[Records provided — start]

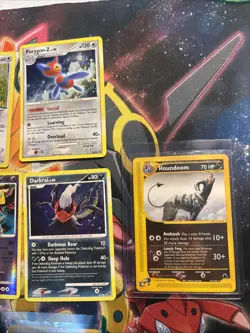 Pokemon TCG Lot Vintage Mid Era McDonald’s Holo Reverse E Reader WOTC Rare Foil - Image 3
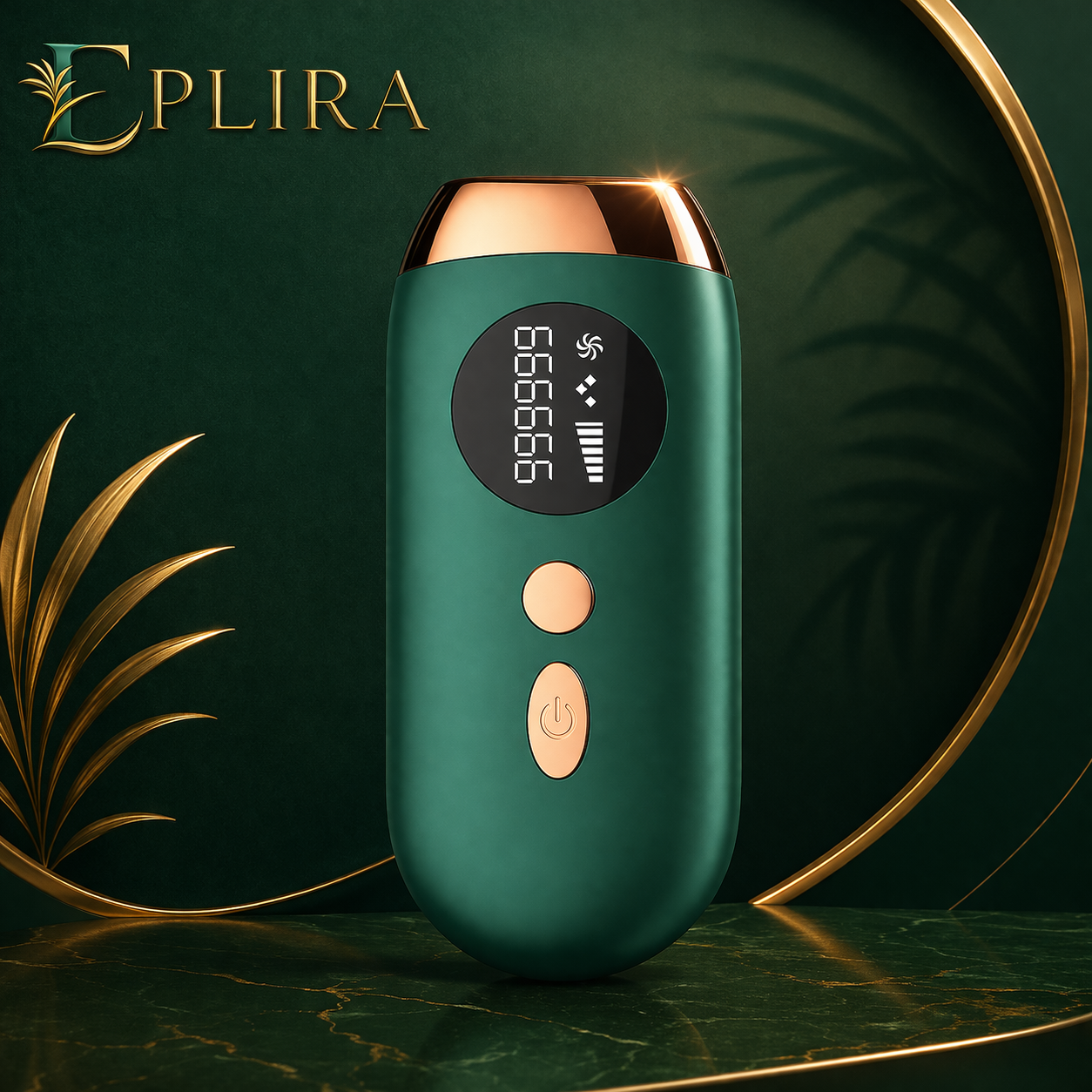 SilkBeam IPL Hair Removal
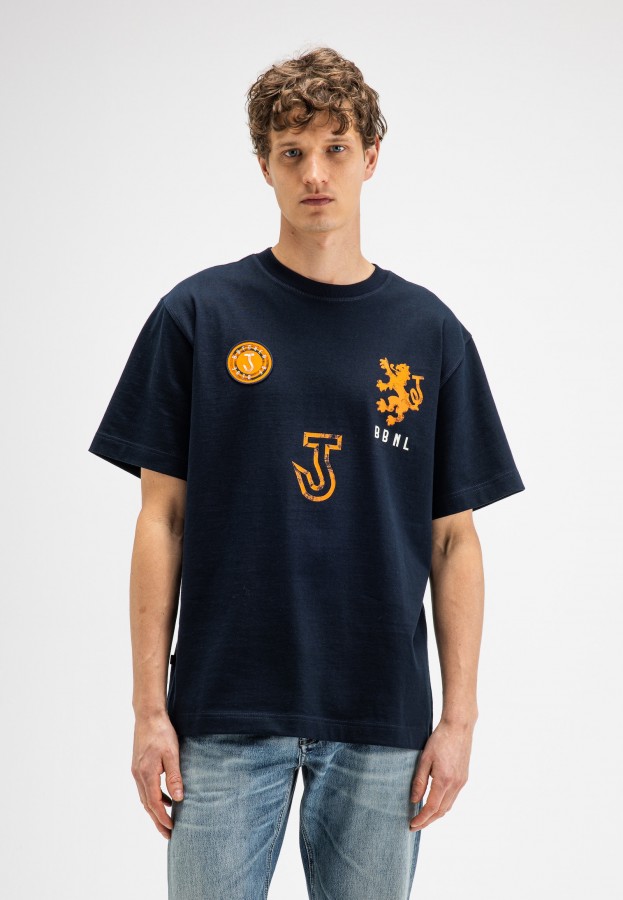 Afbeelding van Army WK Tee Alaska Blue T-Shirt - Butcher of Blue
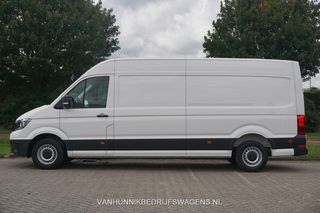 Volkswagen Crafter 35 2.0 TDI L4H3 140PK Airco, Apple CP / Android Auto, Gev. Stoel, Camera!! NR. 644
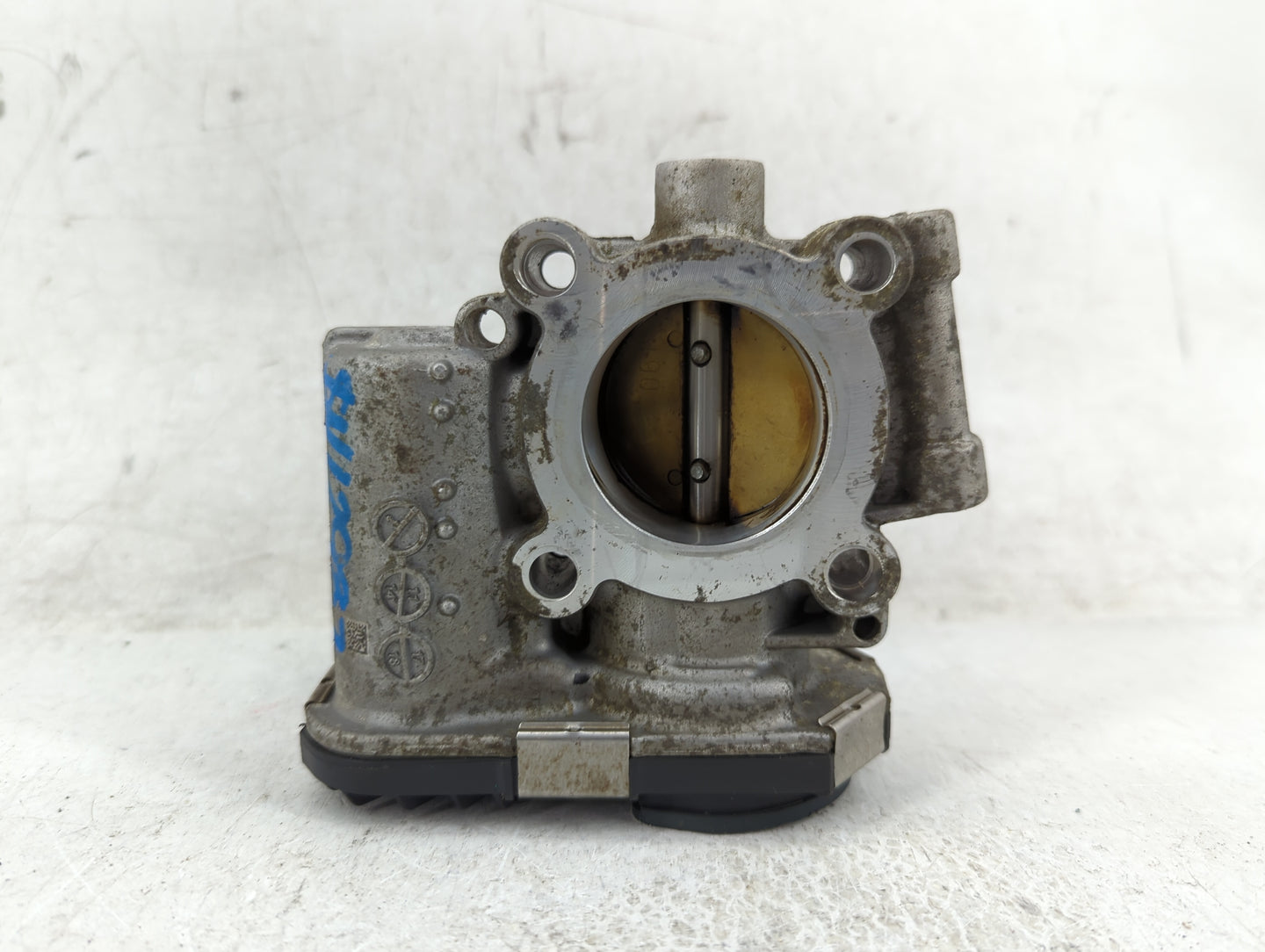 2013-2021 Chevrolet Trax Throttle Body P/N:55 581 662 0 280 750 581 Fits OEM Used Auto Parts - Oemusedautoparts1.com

[Records provided — finish]

Task item: Could you write out again, exactly, the lines from the line containing "Volkswagen Crafter 35" through the last line of the records above? Leave out the pictures.

Output for this exercise:
 Volkswagen Crafter 35 2.0 TDI L4H3 140PK Airco, Apple CP / Android Auto, Gev. Stoel, Camera!! NR. 644
 2013-2021 Chevrolet Trax Throttle Body P/N:55 581 662 0 280 750 581 Fits OEM Used Auto Parts - Oemusedautoparts1.com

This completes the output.